### Task to carry out
Restate the listing below line for line and word for word, without the pictures.

### Provided data
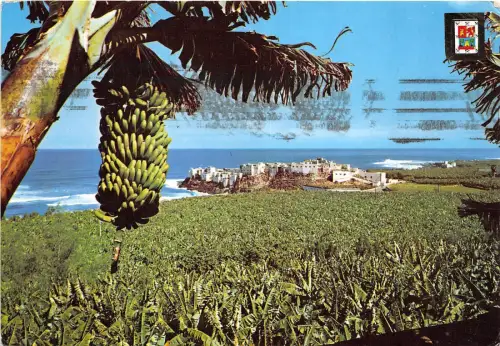 BF22518 gran canaria plataneras spain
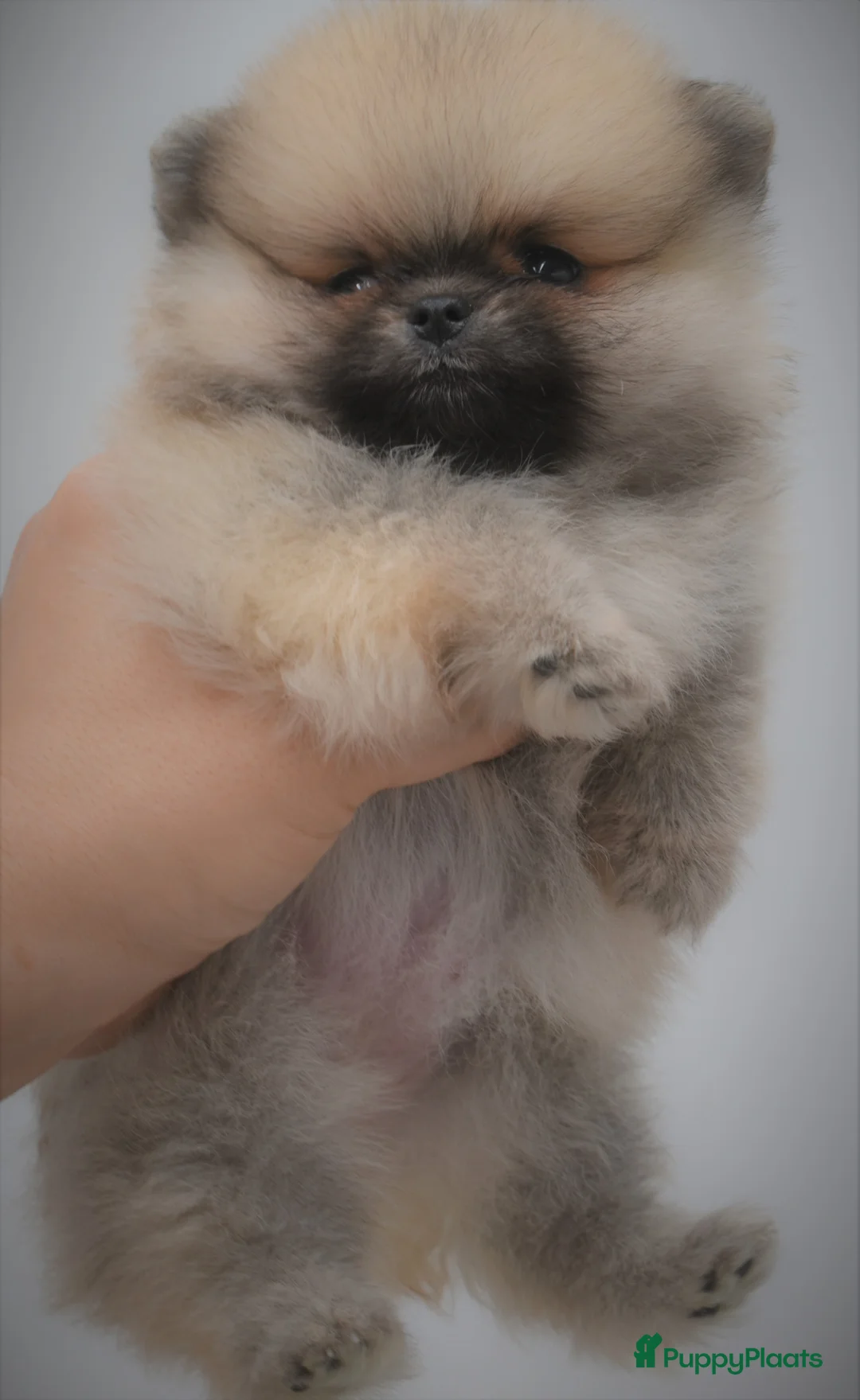 Galerij afbeelding {{count}}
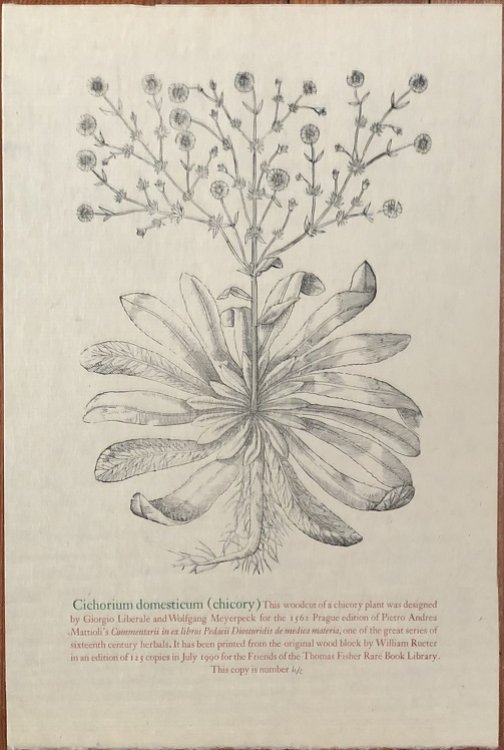 Cichorium domesticum (Chicory). This woodcut of a chicory plant was designed by Giorgio Liberale and Wolfgang Meyerpeck for the 1562 Prague edition of Pietro Andrea Mattioli's Commentarii in ex libros Pedacii Dioscoridis de medica materia .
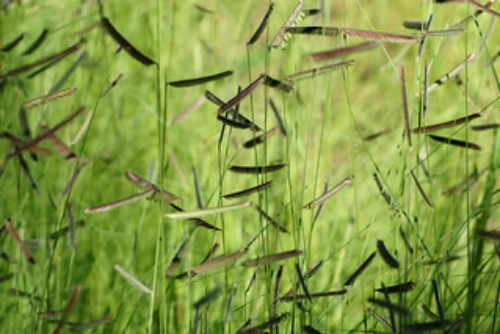 Picture of grass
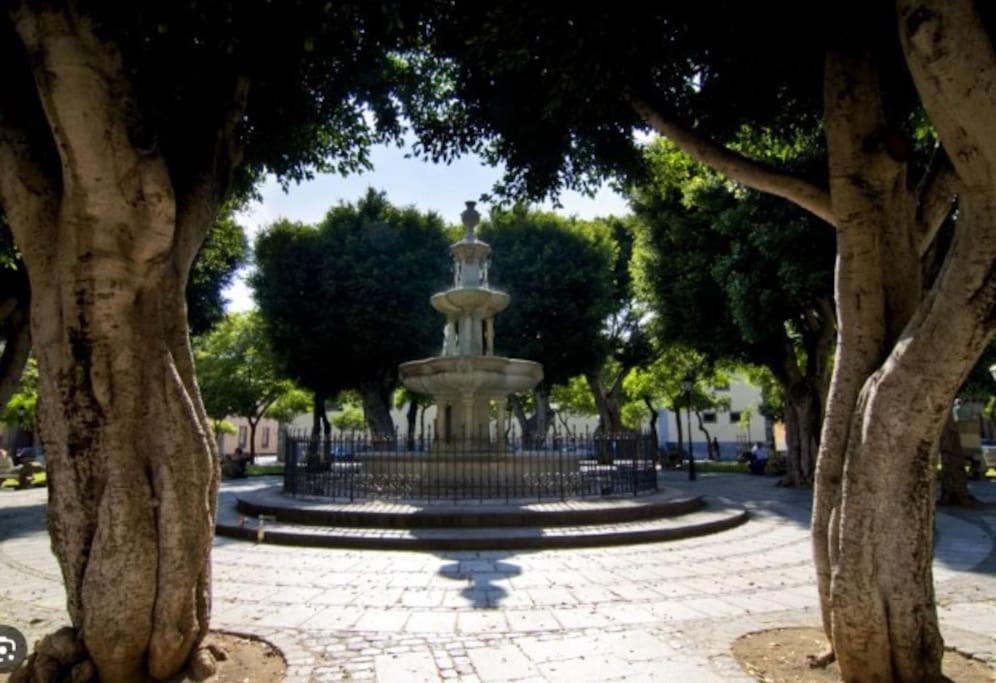 4 La Laguna, Centrico Y Acogedor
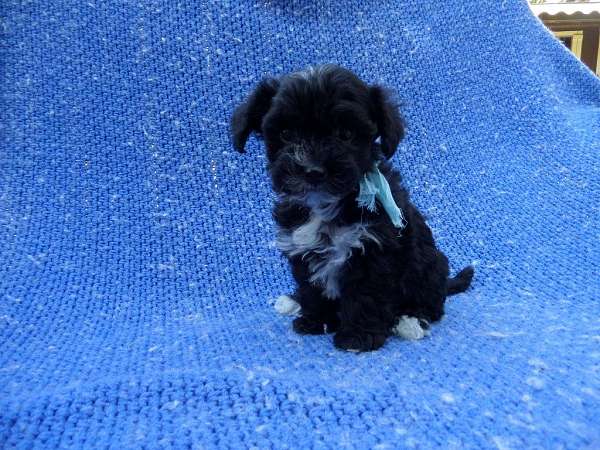 male-yorkipoo-dog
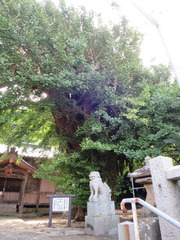 大原神社拝殿・銀杏・狛犬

### Task result
 BF22518 gran canaria plataneras spain
 Galerij afbeelding {{count}}
 Cichorium domesticum (Chicory). This woodcut of a chicory plant was designed by Giorgio Liberale and Wolfgang Meyerpeck for the 1562 Prague edition of Pietro Andrea Mattioli's Commentarii in ex libros Pedacii Dioscoridis de medica materia .
 Picture of grass
 4 La Laguna, Centrico Y Acogedor
 male-yorkipoo-dog
 大原神社拝殿・銀杏・狛犬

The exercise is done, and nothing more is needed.